Jordan, Saudi Arabia, Egypt and the PLO’s Arafat had been consulted in preparation of the plan, but Israel had not been notified by the Reagan Administration until right before the speech. In fact, the American Secretary of State had met with Israeli Foreign Minister Abba Eban a few days before and concealed the imminent announcement from him.
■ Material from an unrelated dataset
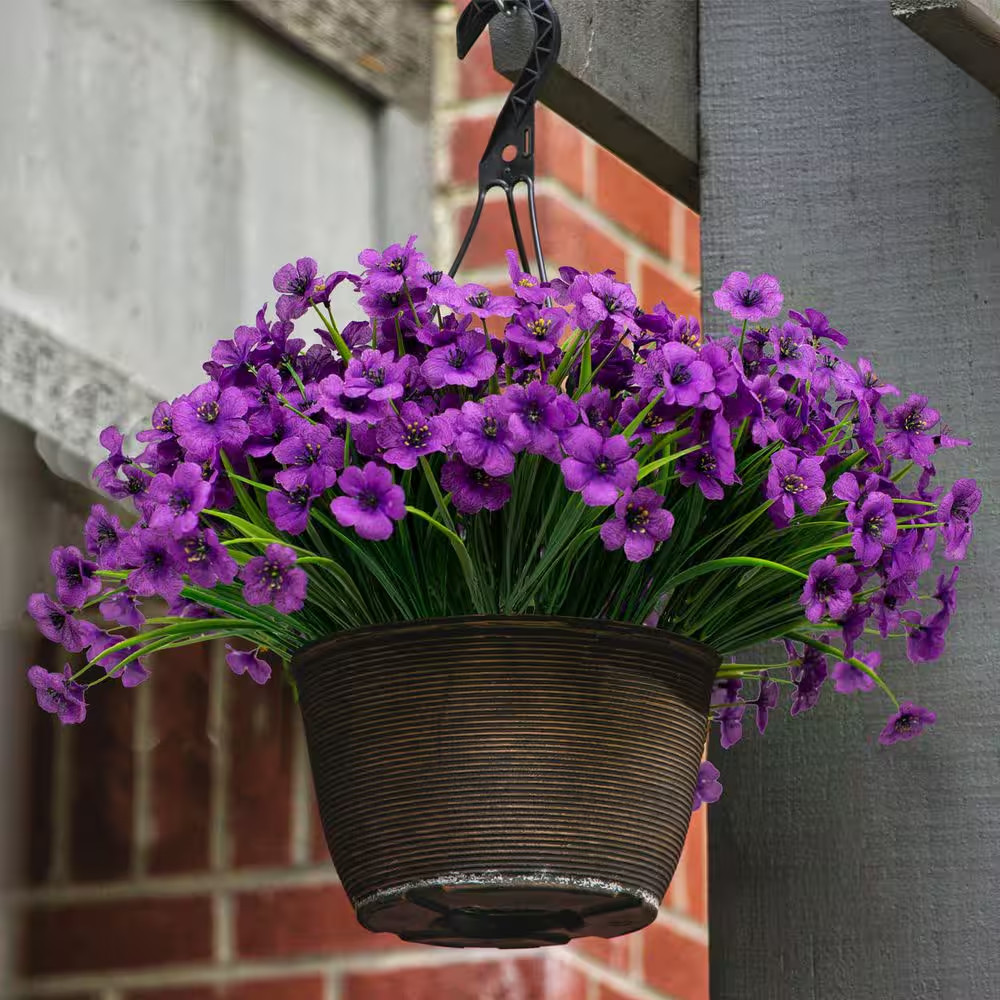 14 In. Violet Purple Indoor/Outdoor UV Resistant Faux Artificial Orchid Flower,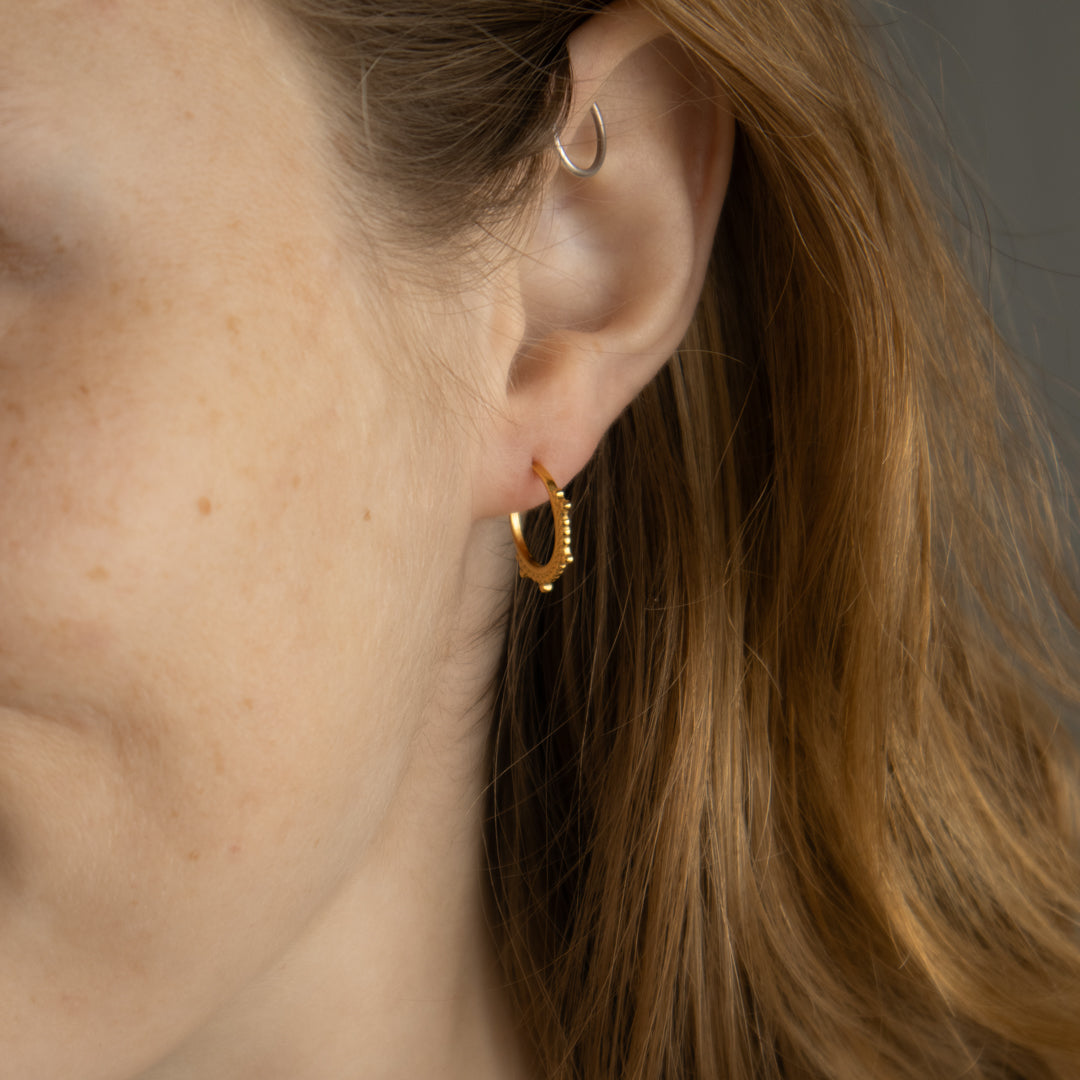 Gold Plated Ball Dotted Hoop Earrings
Although Labor leader Peres expressed support for the plan, Prime Minister Menachem Begin and the Likud opposed it. Begin reacted very negatively, calling the plan “national suicide for Israel”. In September Begin wrote to Ronald Reagan:

  • What some call the ‘West Bank,’ Mr. President, is Judea and Samaria, and this simple historic truth will never change. There are cynics who deride history. They may continue their derision as they wish, but I will stand by the truth. And the truth is that millennia ago there was a Jewish Kingdom of Judea and Samaria where our kings knelt to God, where our prophets brought forth the vision of eternal peace, where we developed a rather rich civilization which we took with us in our hearts and in our minds, on our long global trek for over 18 centuries; and, with it, we came back home.
  • By aggressive war, by invasion, King Abdullah conquered parts of Judea and Samaria in 1948; and in a war of most legitimate self-defense in 1967, after being attacked by King Hussein, we liberated, with God’s help, that portion of our homeland.
  • Geography and history have ordained that Judea and Samaria be mountainous country and that two-thirds of our population dwell in the coastal plain dominated by those mountains. From them you can hit every city, every town, each township and village and, last but not least, our principal airport in the plain below.
  • Mr. President, you and I chose for the last two years to call our countries ‘friends and allies.’ Such being the case, a friend does not weaken a friend, an ally does not put his ally in jeopardy. This would be the inevitable consequence were the ‘positions’ [Begin refers here to the Reagan Plan which called on Israel to withdraw to the 1967 lines] transmitted to me on August 31, 1982, to become reality. I believe they won’t.
  • ‘For Zion’s sake will I not hold my peace, and for Jerusalem’s sake I will not rest.'(Isaiah 62).

The Reagan Plan was finally rejected by Jordan and the PLO in April 1983 — a development that discouraged Washington about prospects for settlement of the Arab-Israeli conflict and the reliability of Arab “moderates”. Consequently, the US-Israel alliance was strengthened, recovering from the blows it had suffered during Israel’s 1982 invasion of Lebanon, and Syria was again identified as the prime obstacle to regional stability.